FORWARD FUNDS (THE “TRUST”)

Salient Global Real Estate Fund

Salient Select Income Fund

Salient Tactical Growth Fund

(each, a “Fund” and together, the “Funds”)

Supplement dated June 27, 2022

to each Fund’s Summary Prospectus (the “Summary Prospectuses”), Prospectus (the “Prospectus”)

and Statement of Additional Information (the “SAI”),

each dated May 1, 2022

As publicly announced on May 26, 2022, Salient Partners, L.P. (“Salient”), the parent company to each Fund’s investment adviser, and Westwood Holdings Group, Inc. (“Westwood”) have entered into a definitive purchase agreement pursuant to which Westwood has agreed to acquire certain investment management related assets of Salient (the “Transaction”). In anticipation of the Transaction, the Board of Trustees of the Trust has approved an Agreement and Plan of Reorganization providing for the reorganizations (the “Proposed Reorganizations”) of the Funds into the following funds, each of which will be a new formed series of the Ultimus Managers Trust (each, an “Acquiring Fund” and together, the “Acquiring Funds”) to be managed by Westwood-affiliated registered investment advisers (collectively, the “Westwood Adviser”):

 

Fund   Acquiring Fund
Salient Global Real Estate Fund   Westwood Salient Global Real Estate Fund
Salient Select Income Fund   Westwood Salient Select Income Fund
Salient Tactical Growth Fund   Westwood Broadmark Tactical Growth Fund

It is anticipated that the Acquiring Funds and the Funds will have substantially similar investment objectives, principal investment strategies, investment policies and principal risks. Following the closing of the Proposed Reorganizations, the portfolio management teams that currently manage the Funds are anticipated to continue to manage the corresponding Acquiring Funds in the same manner as the Funds are managed today, with the same stated investment objectives. The Proposed Reorganizations are intended to be tax-free, meaning that the Funds’ shareholders would become shareholders of the Acquiring Funds upon closing of the Proposed Reorganizations without realizing any gain or loss for federal tax purposes.

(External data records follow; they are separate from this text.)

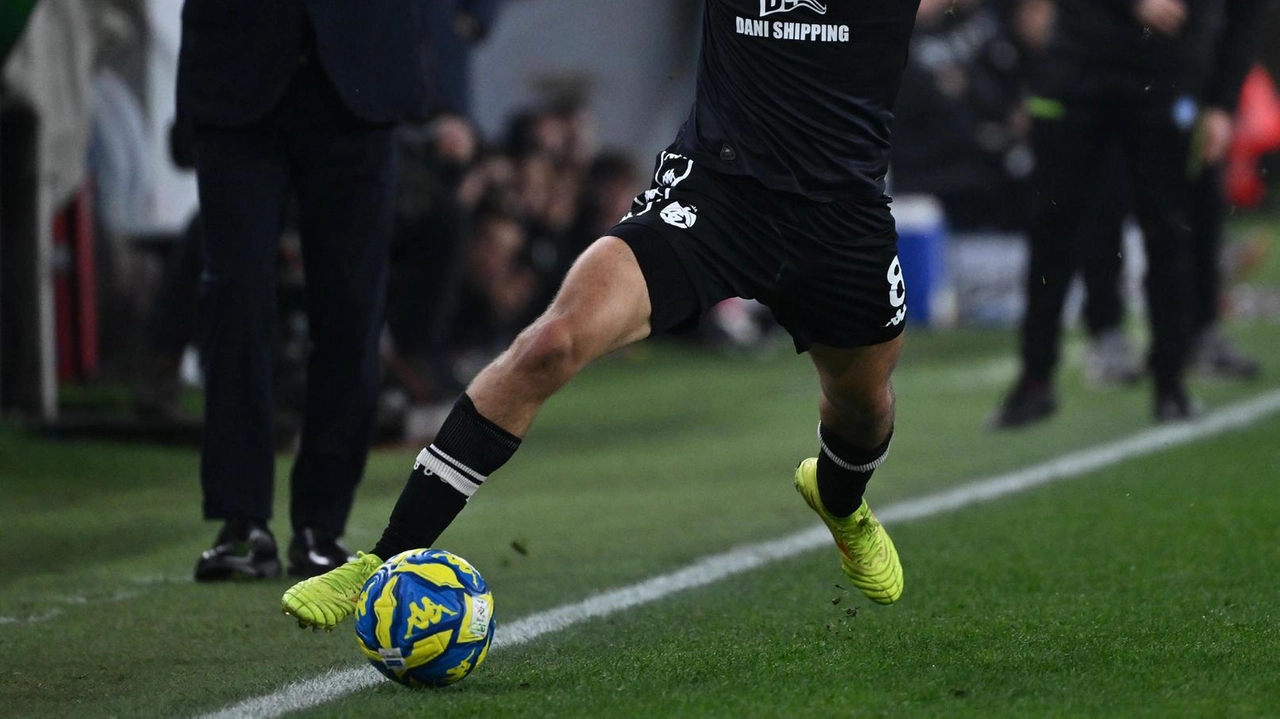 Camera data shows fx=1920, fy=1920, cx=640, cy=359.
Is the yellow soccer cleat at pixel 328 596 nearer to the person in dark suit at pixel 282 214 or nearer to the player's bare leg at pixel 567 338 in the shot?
the player's bare leg at pixel 567 338

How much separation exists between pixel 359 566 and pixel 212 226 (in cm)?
161

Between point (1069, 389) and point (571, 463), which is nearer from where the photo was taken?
point (571, 463)

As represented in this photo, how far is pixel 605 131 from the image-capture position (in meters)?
18.0

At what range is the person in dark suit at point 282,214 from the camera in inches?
211

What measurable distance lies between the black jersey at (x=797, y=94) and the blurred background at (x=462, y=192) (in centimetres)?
71

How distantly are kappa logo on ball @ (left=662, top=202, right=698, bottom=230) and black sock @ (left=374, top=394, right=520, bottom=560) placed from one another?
2.04 feet

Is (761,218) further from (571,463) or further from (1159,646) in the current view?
(571,463)

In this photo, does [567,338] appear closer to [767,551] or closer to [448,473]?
[448,473]

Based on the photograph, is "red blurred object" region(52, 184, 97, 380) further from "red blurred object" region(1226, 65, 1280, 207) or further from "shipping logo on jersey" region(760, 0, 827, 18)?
"red blurred object" region(1226, 65, 1280, 207)

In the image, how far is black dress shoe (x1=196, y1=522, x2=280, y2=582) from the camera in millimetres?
5449

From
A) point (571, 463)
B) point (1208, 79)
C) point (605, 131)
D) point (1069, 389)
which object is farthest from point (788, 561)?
point (605, 131)

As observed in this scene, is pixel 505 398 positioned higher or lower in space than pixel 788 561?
higher

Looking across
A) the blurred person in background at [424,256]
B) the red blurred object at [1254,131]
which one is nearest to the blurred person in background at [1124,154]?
the blurred person in background at [424,256]

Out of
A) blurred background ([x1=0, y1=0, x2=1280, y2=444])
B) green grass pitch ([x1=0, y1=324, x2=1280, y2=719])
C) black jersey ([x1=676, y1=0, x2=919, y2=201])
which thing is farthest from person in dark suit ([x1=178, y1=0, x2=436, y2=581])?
black jersey ([x1=676, y1=0, x2=919, y2=201]) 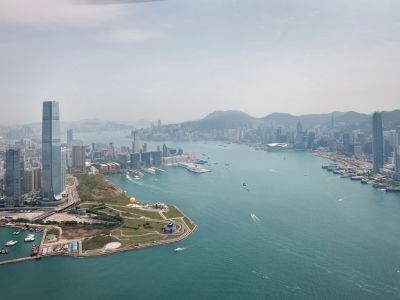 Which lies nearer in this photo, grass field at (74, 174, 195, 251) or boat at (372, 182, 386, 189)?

The Proposed Reorganizations are subject to shareholder approval, though no shareholder action is necessary at this time. Shareholders of record will receive a proxy statement/prospectus that contains important information about their Proposed Reorganization and the Acquiring Fund in which they would own shares upon closing of the Proposed Reorganization, including information about investment strategies and risks, fees and expenses. Prior to the Proposed Reorganizations, Fund shareholders may continue to purchase, redeem and exchange their shares subject to the limitations described in the Prospectus. The Funds may stop accepting new accounts and/or investments from existing accounts a few days prior to the closing date of the Proposed Reorganizations in order to facilitate the orderly transfer of portfolio securities to the Acquiring Funds as part of the Proposed Reorganizations. If shareholders approve the Proposed Reorganizations and other closing conditions are met, the Proposed Reorganizations are anticipated to close during the fourth (4th) quarter of 2022.


The foregoing is not an offer to sell, nor a solicitation of an offer to buy, shares of the Funds or the Acquiring Funds, nor is it a solicitation of any proxy. When it is available, please read the proxy statement/prospectus carefully before making any decision to invest or when considering the Proposed Reorganizations. The proxy statement/prospectus will be available for free on the SEC’s website (www.sec.gov).